● **Exercise description**
Begin at the line where "Pipe OPEL MOKKA" appears and reproduce exactly every line through the end of the data below, both included, skipping pictures.

Data items
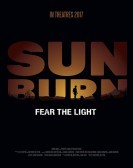 Sunburn (2018) poster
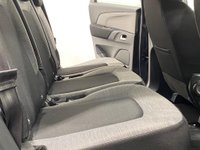 USED 2016 66 CITROEN C4 PICASSO 1.6 BLUEHDI VTR 5d 98 BHP 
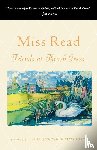 Miss Read - Friends at Thrush Green
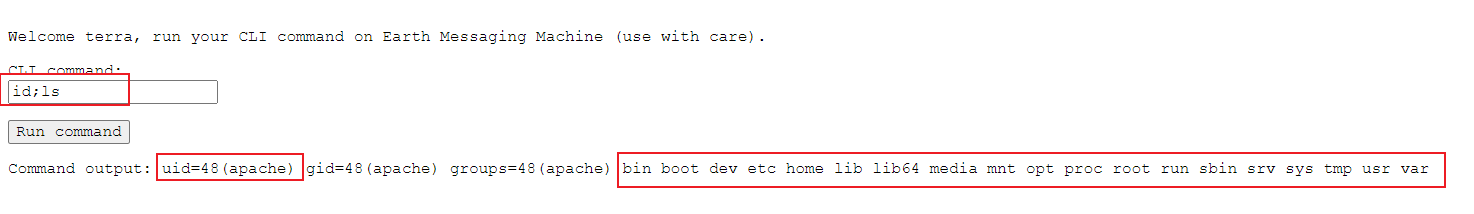 0aca95628a1521f2d412bf470959efc0.png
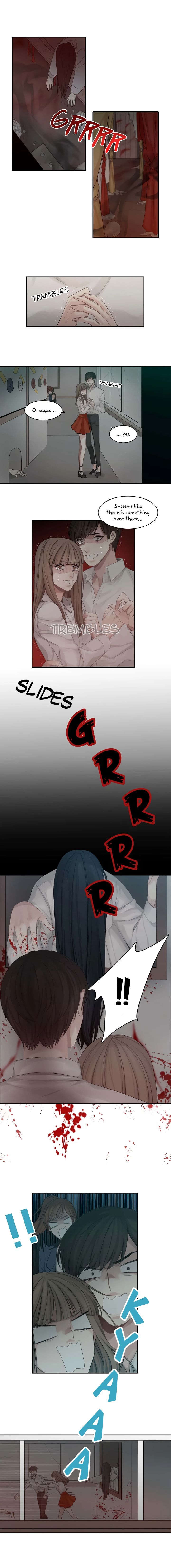 Page 1 of Chapter 1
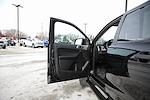2023 Ford Ranger SuperCrew Cab 4WD Pickup for sale #P7395 - photo 18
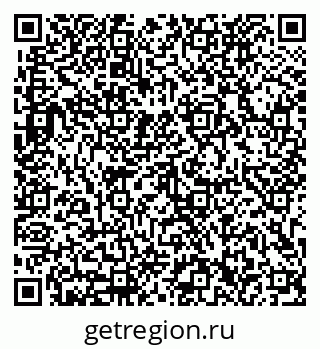 79633322050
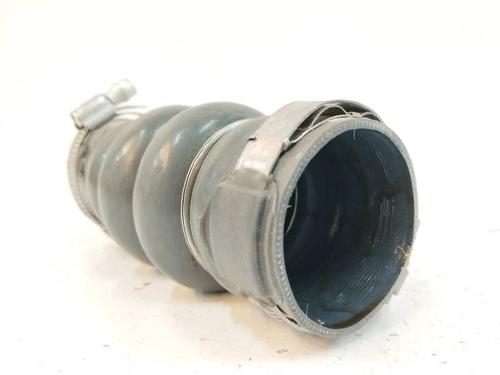 Pipe OPEL MOKKA 1.2 (76) | BP14152139M125 - Image 3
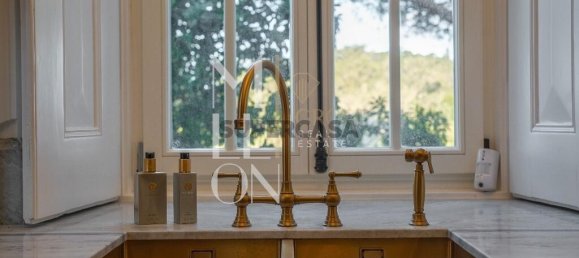 6 Schlafzimmer Haus in Sintra, Portugal, Nr. 155699 17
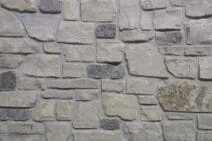 Malahide Tumbled Natural Thin Stone Veneer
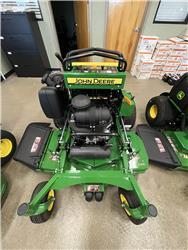 John Deere 648R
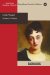  Linda Tressel: Easyread Super Large 24pt Edition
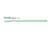 Alpha Series Cleanroom Swab SWATCH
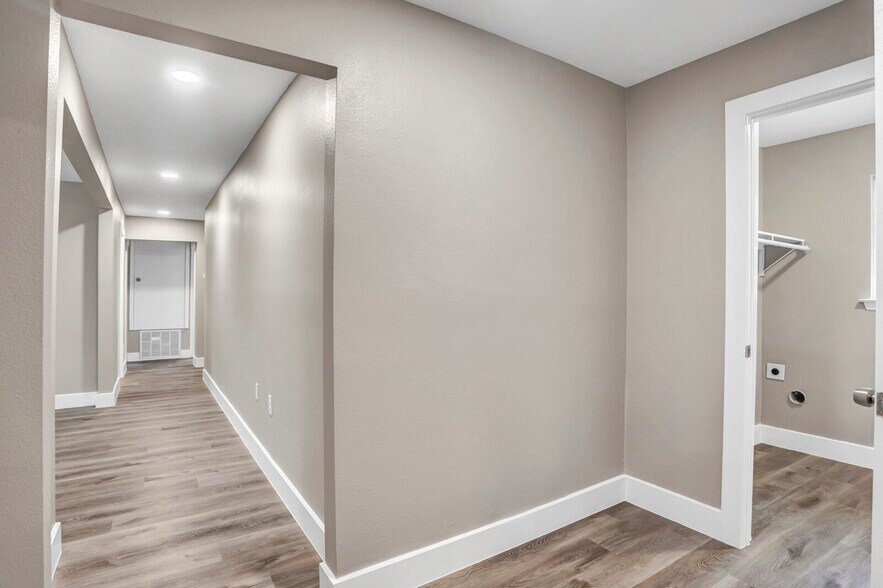 More Photos Of 601 Spring St, Round Rock Office Residential For Lease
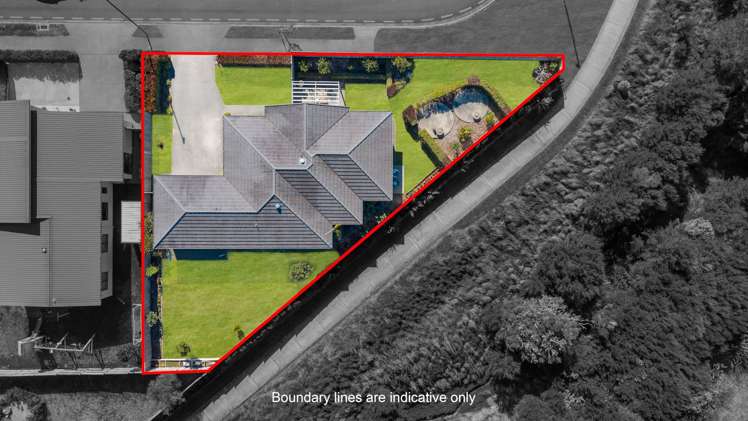 24 Marine Garden Crescent Beachlands_22
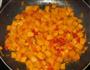剁椒炒南瓜的做法图解6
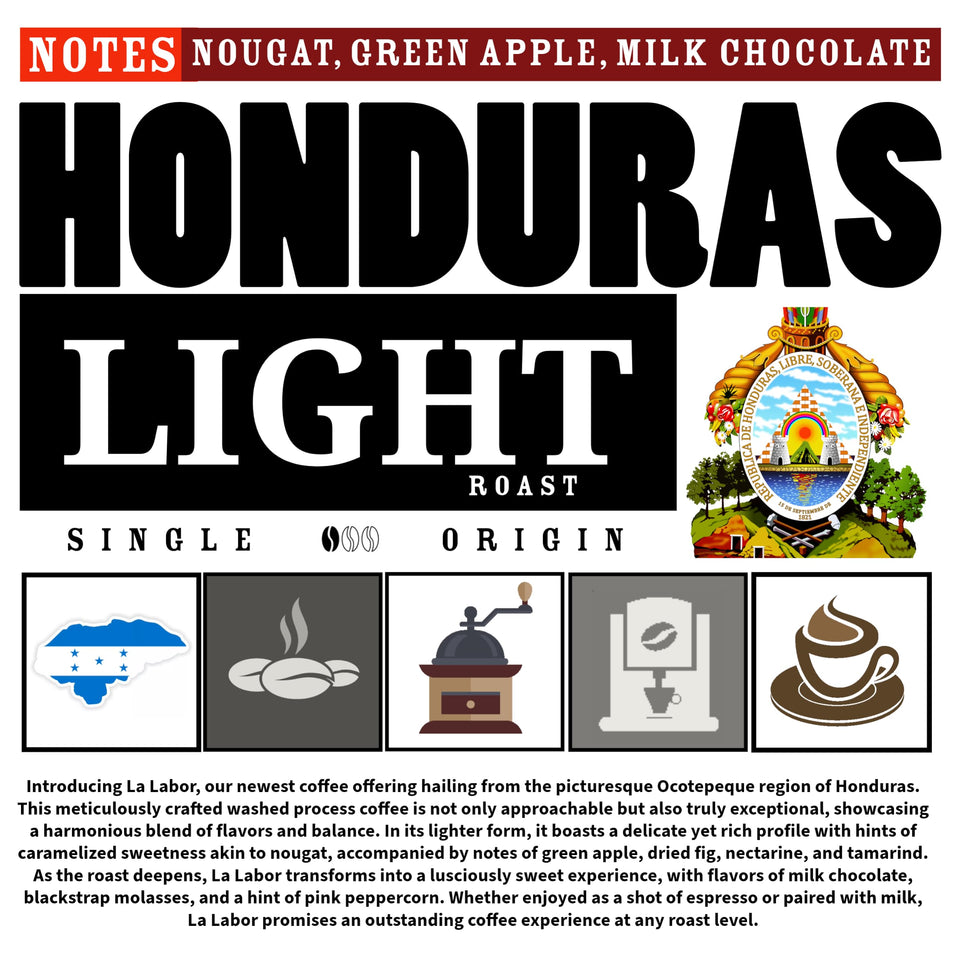LIGHT ROAST, Whole Bean Coffee, Organic Fresh Artisan Premium Beans, Dailiesdeals Vanuat LLC COLLECTION (1 Pound, 16OZ, EL-SALVADOR)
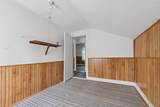 138 George St - Photo 9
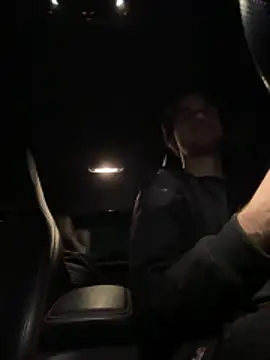 marti91740 online show from 02.03.26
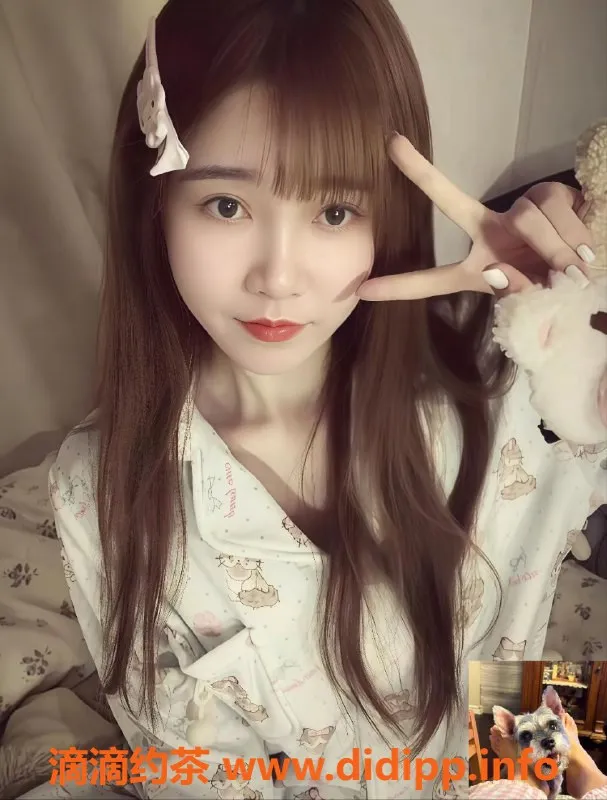 惠州抓龙筋-小渝泰式抓龙筋，超值套餐体验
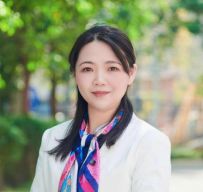 【预告】4月19日丨南方教研大讲堂第109场：体验式教学在思政课中的实践创新与价值实现(图9)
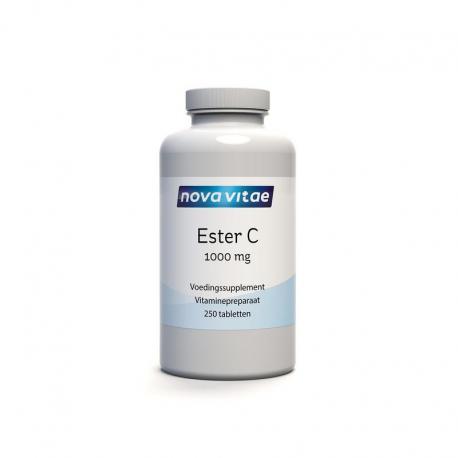 Ester C 1000 mg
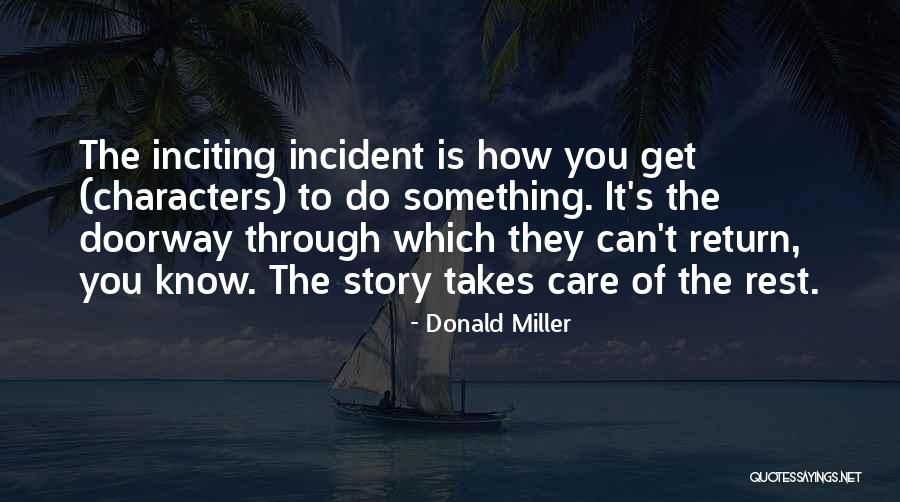 Ar Rahman Hits Quotes By Donald Miller Ar Rahman Hits Quotes By Donald Miller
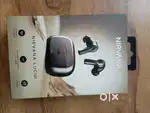 Boat headset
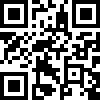 https://khabaronline.ir/xpG8J
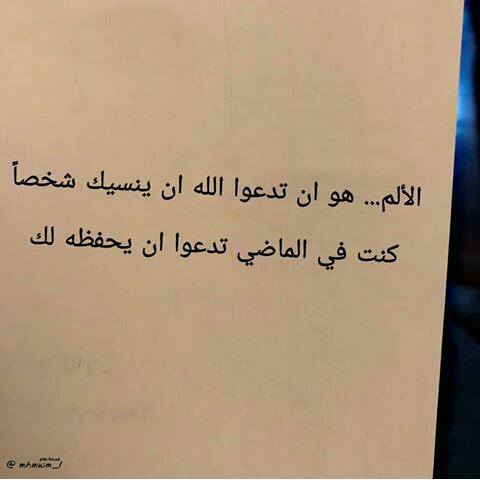  ~~ bntpal.com_153992500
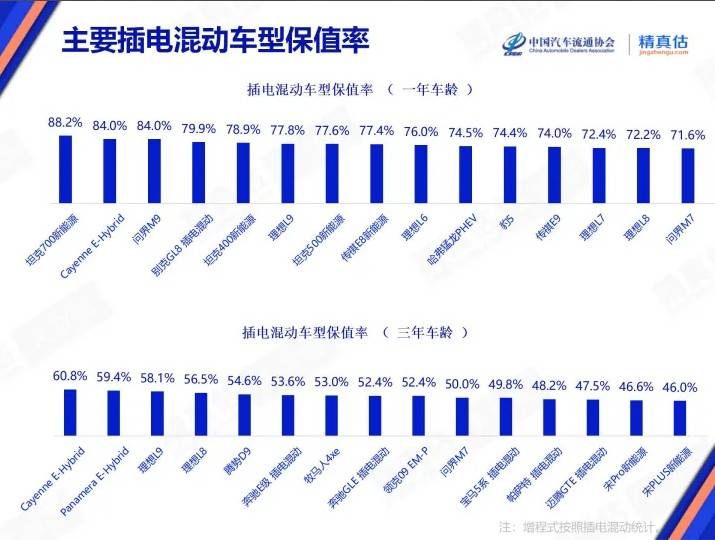 因出轨被举报，南京晓庄学院党委副书记杨种学免职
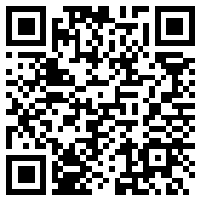 QR Code for bitcoin:1ME2s2GpycyTmFwNFbMpvG2wfY79Dm6dEf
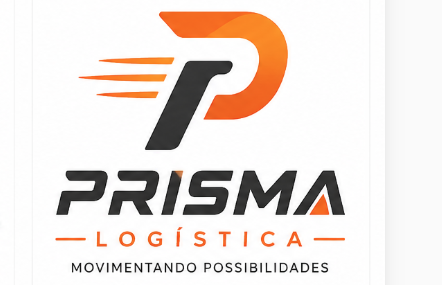 Cliente 9
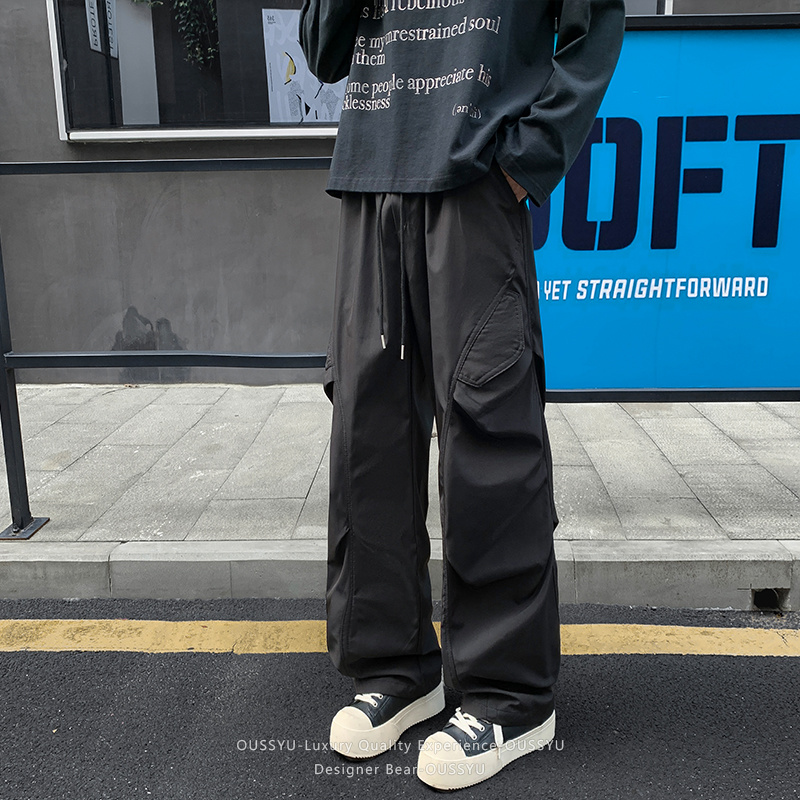 Markenkleidung Herren Outdoor  – Summer Clothing Brands Men Bewertung und Preis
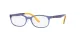 Ray-Ban RY 1613D 3907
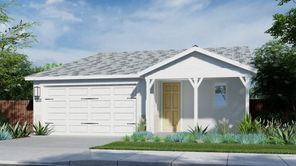 Residence 1634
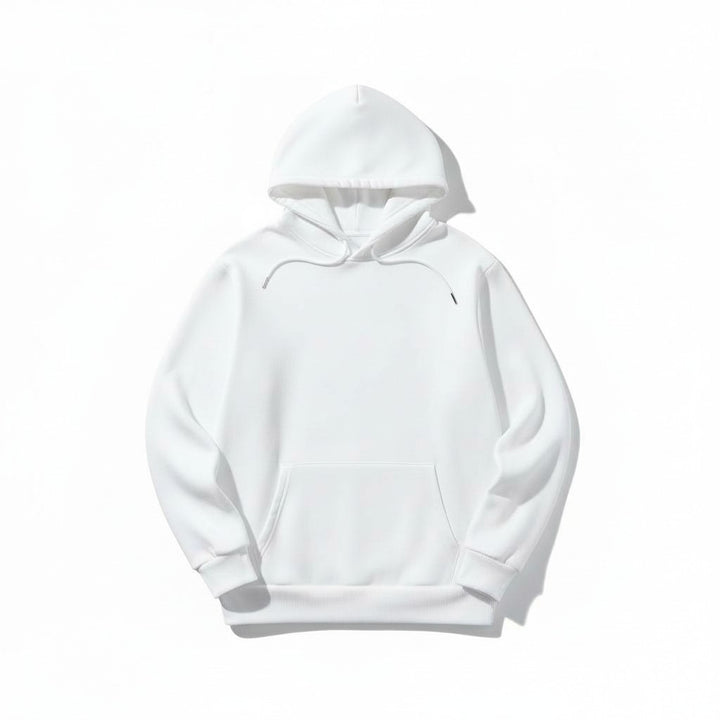 B Unique Fashions Men’s Fall Hoodie-B Unique Fashions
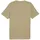 Puma Better Sportswear braun L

● **Response area**
 Pipe OPEL MOKKA 1.2 (76) | BP14152139M125 - Image 3
 6 Schlafzimmer Haus in Sintra, Portugal, Nr. 155699 17
 Malahide Tumbled Natural Thin Stone Veneer
 John Deere 648R
  Linda Tressel: Easyread Super Large 24pt Edition
 Alpha Series Cleanroom Swab SWATCH
 More Photos Of 601 Spring St, Round Rock Office Residential For Lease
 24 Marine Garden Crescent Beachlands_22
剁椒炒南瓜的做法图解6
LIGHT ROAST, Whole Bean Coffee, Organic Fresh Artisan Premium Beans, Dailiesdeals Vanuat LLC COLLECTION (1 Pound, 16OZ, EL-SALVADOR)
 138 George St - Photo 9
 marti91740 online show from 02.03.26
 惠州抓龙筋-小渝泰式抓龙筋，超值套餐体验
 【预告】4月19日丨南方教研大讲堂第109场：体验式教学在思政课中的实践创新与价值实现(图9)
 Ester C 1000 mg
 Ar Rahman Hits Quotes By Donald Miller Ar Rahman Hits Quotes By Donald Miller
 Boat headset
 https://khabaronline.ir/xpG8J
  ~~ bntpal.com_153992500
 因出轨被举报，南京晓庄学院党委副书记杨种学免职
 QR Code for bitcoin:1ME2s2GpycyTmFwNFbMpvG2wfY79Dm6dEf
 Cliente 9
 Markenkleidung Herren Outdoor  – Summer Clothing Brands Men Bewertung und Preis
 Ray-Ban RY 1613D 3907
 Residence 1634
 B Unique Fashions Men’s Fall Hoodie-B Unique Fashions
 Puma Better Sportswear braun L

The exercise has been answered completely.